We think this was error. The statute is studied in its avoidance of all technicalities in such trials. It provides that such cases shall be “tried according to equity and justice without regard to any defect in the summons or other process before the justice.” — Code, 1876, § 3121. It was both the right and duty of the plaintiff to file a statement of his cause of action before proceeding to trial. No leave of court was requisite for this purpose. A judgment by default rendered without it would constitute error for which judgment would be reversed in the appellate court. — Arundale v. Moore, 42 Ala. 482. Though called an “ amended complaint,” it was clearly designed to be taken as a statement of his cause of action, in connection with the count in trover disclosed by the original papers. The court ought to so have considered it, and as trover and case may be properly joined, it was error to strike this statement from the file of papers in the cause. Schuessler & Co. v. Wilson, 56 Ala. 516; 1 Chitty Plead. 200; Dixon v. Barclay, 22 Ala. 370.
*529In order to maintain the action of trover the plaintiff must have a property in the goods, alleged to be converted, absolute or qualified, with the immediate right of possession at the time of suit being instituted. This right is not possessed by a mortgagee until after default, or the law day, where a stipulation in the mortgage authorizes him to seize or take possession only after such date or event. — Ellington v. Charleston, 51 Ala. 166; Herman on Chat. Mort. § 71; Hathaway v. Brayman, (42 N. Y. 322), 11 Amer. Rep. 524; Ring v. Neale, (114 Mass. 111), 19 Amer.
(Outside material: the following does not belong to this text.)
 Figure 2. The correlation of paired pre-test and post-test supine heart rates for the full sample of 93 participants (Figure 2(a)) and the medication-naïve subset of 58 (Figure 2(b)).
Rep. 316. The terms of the mortgage in this case expressly postponed the right of the mortgagee to take possession of the mortgaged property until the 15th day of September, 1879, which was after the conversion of the cotton by the defendants.
The mortgage in this case is dated January. 22, 1879, and the cotton in controversy was not at that time either planted or growing. It was, therefore, the conveyance of a crop not in esse, but to be produced only -in futuro. The decisions of this court uniformly hold that sueb a mortgage does not convey a legal but only an equitable title to-the cotton, and that it will not support an action of trover, detinue or trespass. Grant v. Steiner, 65 Ala. 499; Rees v. Coots, 65 Ala. 256, where the authorities are fully cited.
The judgment of the Circuit Court is reversed, and tbe cause remanded.